Learning Objectives: At the conclusion of this symposium, participants will be able to: (1) describe how observational learning differs from imitation; (2) identify the experimentally and conceptually identified prerequisite skills considered essential to observational learning; (3) describe the procedures presented on for increasing observational learning.
Effects of Differential Observing Responses on Observational Learning Across Multiple Contingencies
ANDREW PIERCE BLOWERS (Kadiant), Kevin C. Luczynski (University of Nebraska Medical Center's Munroe-Meyer Institute), Ciobha A. McKeown (University of Florida)
Abstract: Whether a child with autism spectrum disorder will exhibit observational learning may depend on their attention to and the stimulus modalities of the observed contingency. We used multiple-probe and repeated-acquisition designs to test observational learning across a diverse set of contingencies, which included hidden edible, hidden toy, hidden video, tact, receptive identification, and intraverbal contingencies. During preteaching, 2 children with autism spectrum disorder showed observational learning with some contingencies. After learning to engage in differential observing responses for observed behaviors and consequences with the hidden-video contingency, 1 child showed generalization of observational learning with receptive identification and intraverbals. Neither child showed generalization with the tact contingency. Thus, teaching was initiated with the tact contingency, which led to generalization of observational learning with tacts. The efficacy of teaching differential observing responses over observational learning was demonstrated. Inconsistent observational learning across contingencies suggests scientist practitioners should assess observational learning across a variety of contingencies.

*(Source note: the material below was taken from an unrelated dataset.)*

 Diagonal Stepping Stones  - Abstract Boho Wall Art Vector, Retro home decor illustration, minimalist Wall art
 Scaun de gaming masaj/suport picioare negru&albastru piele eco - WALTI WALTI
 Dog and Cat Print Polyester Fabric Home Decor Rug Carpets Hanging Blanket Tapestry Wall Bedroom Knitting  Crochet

Learning to Observe to Learn by Observation
JENNIFER LONGANO (Fred S. Keller School)
Abstract: From a behavioral selectionist perspective, it is stimuli that select out responding. In the case of Observational Learning, responding must come under the relevant stimulus control of stimuli associated with people in the observer’s environment. In many cases these stimuli develop as conditioned reinforcers naturally without the need for any intervention. In other cases, these stimuli need to be deliberately and specifically conditioned until they come to exert the necessary stimulus control. This paper will describe the foundational observing responses, or preverbal cusps, necessary for children to come under observational stimulus control in order to learn by observation.
Interventions to Establish Observational Learning Cusps
JESSICA SINGER-DUDEK (Teachers College, Columbia University)

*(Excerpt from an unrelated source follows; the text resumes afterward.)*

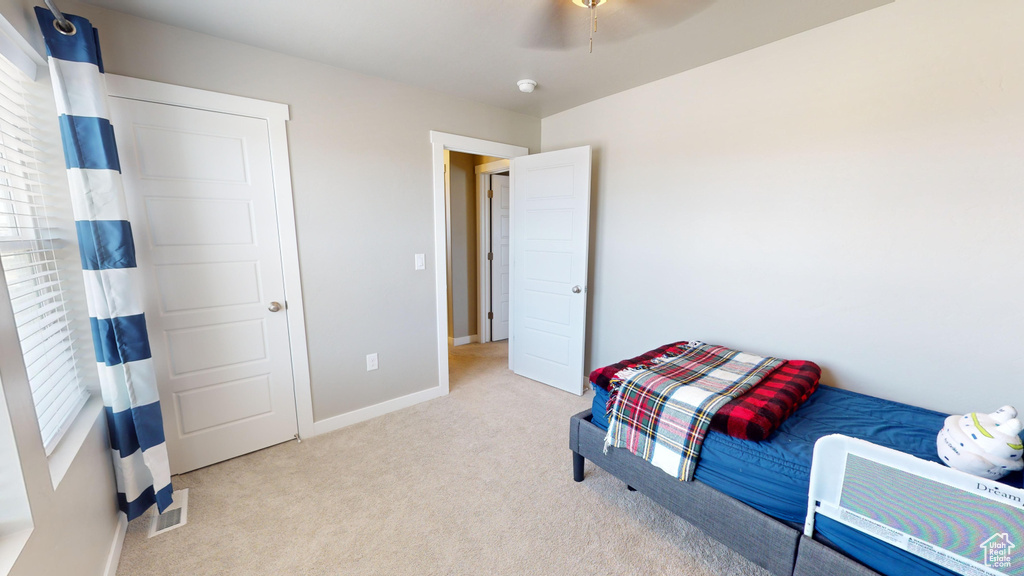 Carpeted bedroom with ceiling fan and multiple windows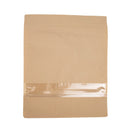 100x Standbodenbeutel mit Fenster Braun 25x34cm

Abstract: Researchers have identified several behavioral developmental cusps associated with Observational Learning (OL). These cusps allow individuals to 1) demonstrate changes in responses that were previously in their repertoire, 2) acquire new operants, and 3) establish reinforcement properties across different stimuli by observing others receiving those items under denial conditions. Researchers have also developed different interventions to establish one or more of these OL cusps for students with and without disabilities. This paper will present three of those interventions, as well as systematic variations of each, demonstrating compelling evidence of the success of these procedures in furthering participants’ social learning.
A Systematic Review of Observational Conditioning-by-Denial Interventions
HUNG CHANG (Teachers College, Columbia University)
Abstract: A majority of studies have examined the effects of observational learning on various performance and learning behaviors; however, few studies have focused on how observational learning changes the reinforcement value of neutral stimuli for children when they were denied access to the stimuli. Researchers conceptualized this conditioning process as observational conditioning-by-denial intervention (OCDI). Researchers have tested the effects of OCDI on establishing reinforcing properties across various educationally significant stimuli (e.g., books, adults’ praise) over the past decade. This paper will present and analyze a number of different components of the OCDI that affect the effectiveness of the OCDI in establishing new conditioned reinforcers for children with and without disabilities.